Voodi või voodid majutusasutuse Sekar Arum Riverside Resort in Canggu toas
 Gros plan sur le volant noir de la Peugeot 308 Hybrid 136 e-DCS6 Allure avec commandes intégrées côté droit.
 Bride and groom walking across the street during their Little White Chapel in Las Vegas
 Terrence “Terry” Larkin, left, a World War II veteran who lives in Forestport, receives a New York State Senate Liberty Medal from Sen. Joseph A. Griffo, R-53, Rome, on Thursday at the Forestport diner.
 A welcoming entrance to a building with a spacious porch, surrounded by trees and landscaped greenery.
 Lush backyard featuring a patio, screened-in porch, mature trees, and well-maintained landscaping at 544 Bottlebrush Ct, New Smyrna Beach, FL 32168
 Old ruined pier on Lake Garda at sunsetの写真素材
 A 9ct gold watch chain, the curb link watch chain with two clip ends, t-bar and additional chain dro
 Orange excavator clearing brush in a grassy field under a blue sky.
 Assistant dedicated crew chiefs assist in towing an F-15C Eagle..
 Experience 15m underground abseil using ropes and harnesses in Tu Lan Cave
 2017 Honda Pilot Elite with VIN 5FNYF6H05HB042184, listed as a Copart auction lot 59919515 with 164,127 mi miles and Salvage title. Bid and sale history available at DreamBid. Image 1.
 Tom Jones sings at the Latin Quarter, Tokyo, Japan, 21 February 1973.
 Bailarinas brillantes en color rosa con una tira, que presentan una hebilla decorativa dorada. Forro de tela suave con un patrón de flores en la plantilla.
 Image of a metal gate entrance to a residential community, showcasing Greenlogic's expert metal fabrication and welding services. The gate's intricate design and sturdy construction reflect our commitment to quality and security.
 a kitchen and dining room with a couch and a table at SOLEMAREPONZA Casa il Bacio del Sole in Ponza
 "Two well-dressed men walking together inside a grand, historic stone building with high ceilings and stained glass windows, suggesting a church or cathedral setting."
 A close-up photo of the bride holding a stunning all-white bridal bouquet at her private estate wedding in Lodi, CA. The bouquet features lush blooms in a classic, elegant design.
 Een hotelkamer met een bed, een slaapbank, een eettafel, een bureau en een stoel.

*WORK ORDER:* Could you restate word for word the lines above, from the one that contains "A 9ct gold watch" through the one that contains "Experience 15m underground", and no others?

*SOLUTION BELOW:*
 A 9ct gold watch chain, the curb link watch chain with two clip ends, t-bar and additional chain dro
 Orange excavator clearing brush in a grassy field under a blue sky.
 Assistant dedicated crew chiefs assist in towing an F-15C Eagle..
 Experience 15m underground abseil using ropes and harnesses in Tu Lan Cave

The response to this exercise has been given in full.